Have you tried LOAD DATA INFILE
If it is the program which is transferring the text files to mysql it could be doing the inserts rather than loading the data. It could also be a problem with bufferring / committing to disk on every insert and /or updating of the indexes.
Need more info.
| 8:01 pm on Dec 17, 2009 (gmt 0)|
You probably already thought of this . . . but are your table columns "over-indexed?" Remember indexes speed searches, but can slow down inserts and updates.
The fact that it starts slow and then begins to bog seems to indicate either the program doing it (if you're using one) is not doing so efficiently or it's a server resource issue.

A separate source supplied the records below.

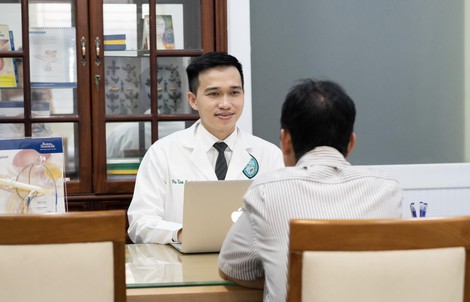 Người đàn ông cầu cứu bác sĩ sau khi tiêm filler tăng cường “bản lĩnh đàn ông”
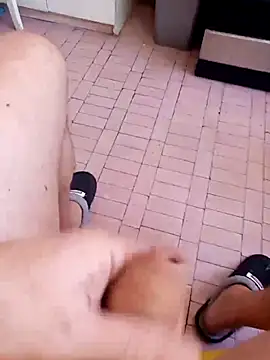 Snapshot of david_geam chatting on December 2024 09:51:01 AM david geam online show from December 2024 09:51:01 AM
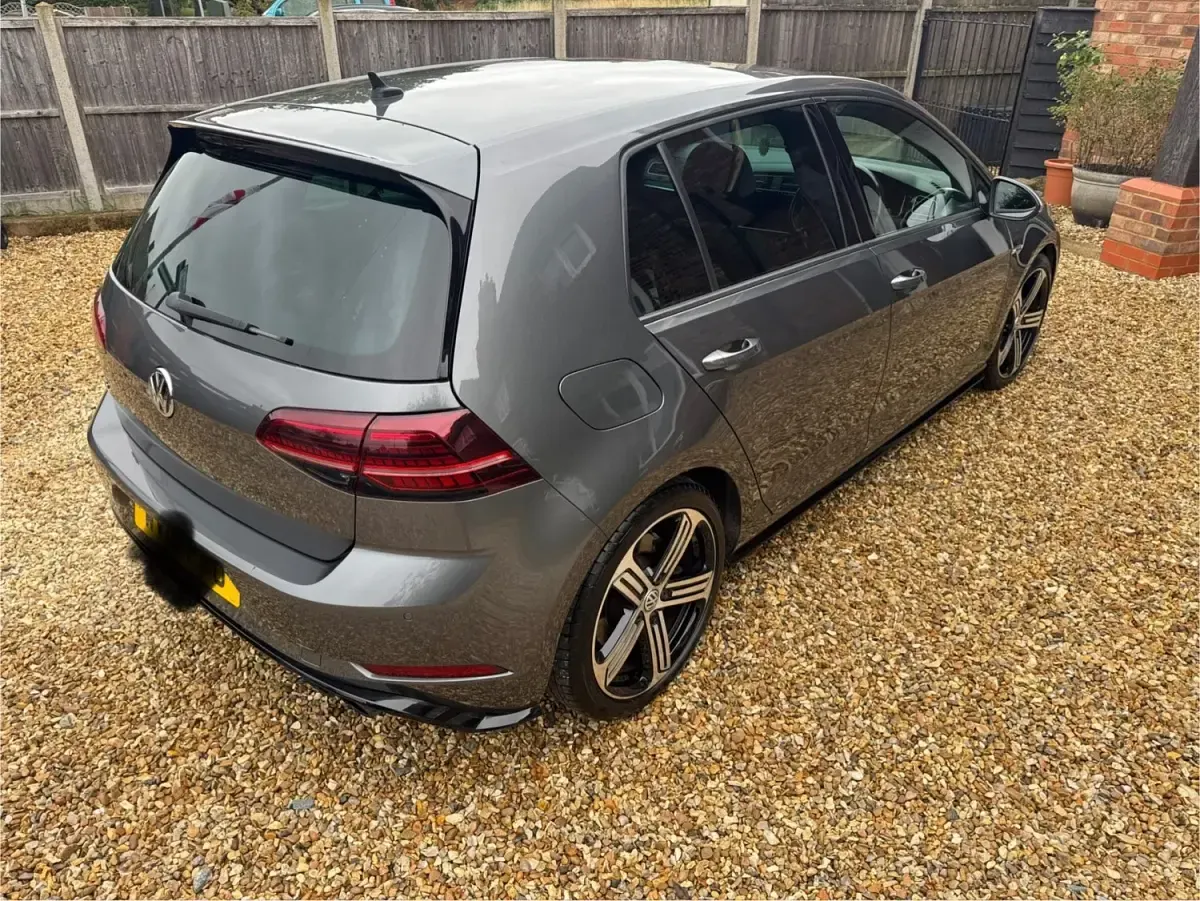 Second-hand VW Golf VII R 307 CP (225 kW) 2018 Gri Hatchback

I have one client that regularly flushes and repopulates up to 600K - 1M records in a table, approx. 15-20 fields, mixed types. I use a perl script to do this, and have it report to STDOUT every 1000 lines. It's pretty consistent start to end, but I **do** remember when I first took over the project it had the same problem. We did two things: rebuilt the tables with leaner indexing . . . then dedicated the data to a data server.
| 8:28 pm on Dec 17, 2009 (gmt 0)|
I've been investigating this and finding little to do with the database itself that would cause problems after 1000 pages. I thought perhaps something was getting trashed, but not that I can see.

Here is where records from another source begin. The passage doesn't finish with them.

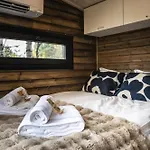 אכסניה Aava Riverside *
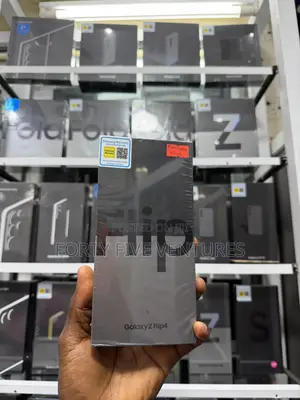 New Samsung Galaxy Z Flip4 256 GB Pink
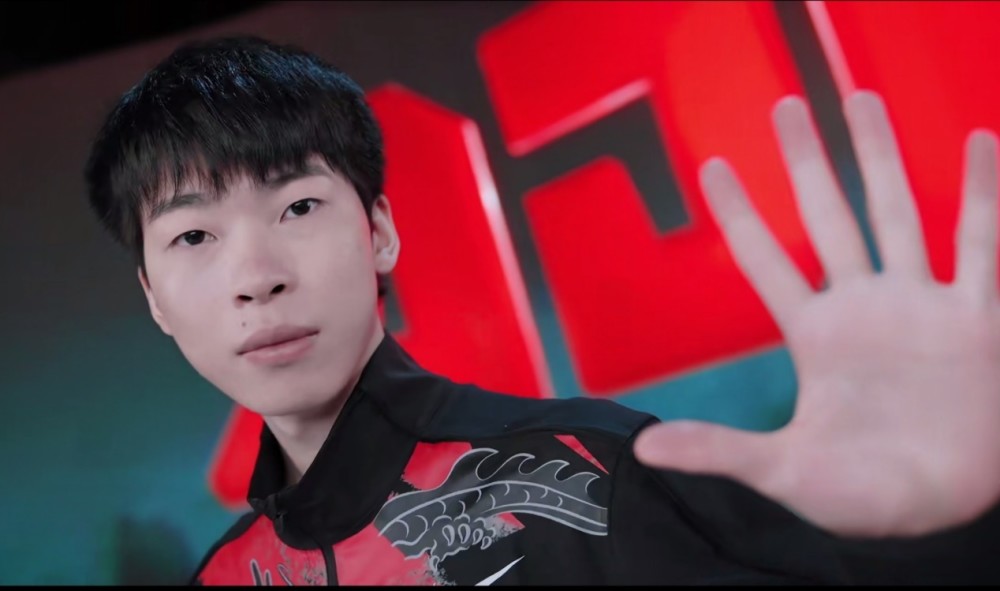 看不起LPL冠军？Perkz直播预测：JDG可能16强，与许秀看法相同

I'm now going down the road that it's the insert program. I suspect somehow that for every insert, it's doing lookups of all the prior pages (e.g. ensuring that the page isn't already in the database). So for page 2, it does 1 check. For page 1000, it's doing 999 checks. That's the avenue we're going down (though even that seems like it shouldn't cause this much of a delay).
| 7:54 pm on Dec 18, 2009 (gmt 0)|
Oh man . . . that changes things drastically. I had a project similar to this [webmasterworld.com]:
|Two email lists in plain text files, one over a million records, the other from 1000 to 3000 records. Find all addresses that are in both lists and make a third list. |
Process shouldn't take any more than a couple hours, as client's current method can exceed 48 hours. Got it down to 45 minutes, but it involved a combo of text files AND mysql (see last post.)

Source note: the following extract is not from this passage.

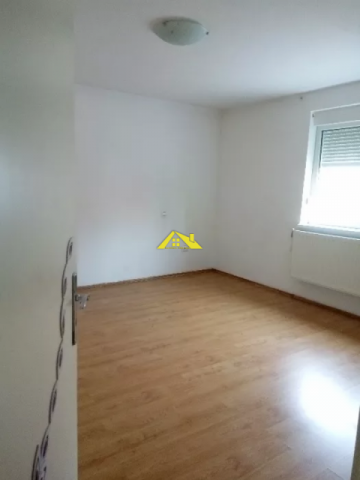 apartament-central-zona-foarte-buna-multiple-posibilitati-parter-4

This is way harder than it seems. Pure mySQL failed miserably, on a dedicated server.
If this is a regular process that needs doing, maybe the inverse of the above is the case - some fields not indexed properly.
It's going to largely depend on the task and the environment, there may be no good way around it.
| 8:02 pm on Dec 18, 2009 (gmt 0)|
I hope it's fixable. It's either mysql, my insertion program, or wordpress. Mysql can probably be fixed, the program can be, if it's wordpress we got a problem.
But it does have to be fixed. I've got a run coming up of 50,000 pages :).
| 5:34 pm on Dec 21, 2009 (gmt 0)|
LOAD DATA INFILE is the way to go...but it's freakin' complicated.
Check your mysql slow queries log for some insights into what is happening....if you're not logging slow queries (you should be!) you can turn it on by editing your my.cnf file and then rebooting the mysql server.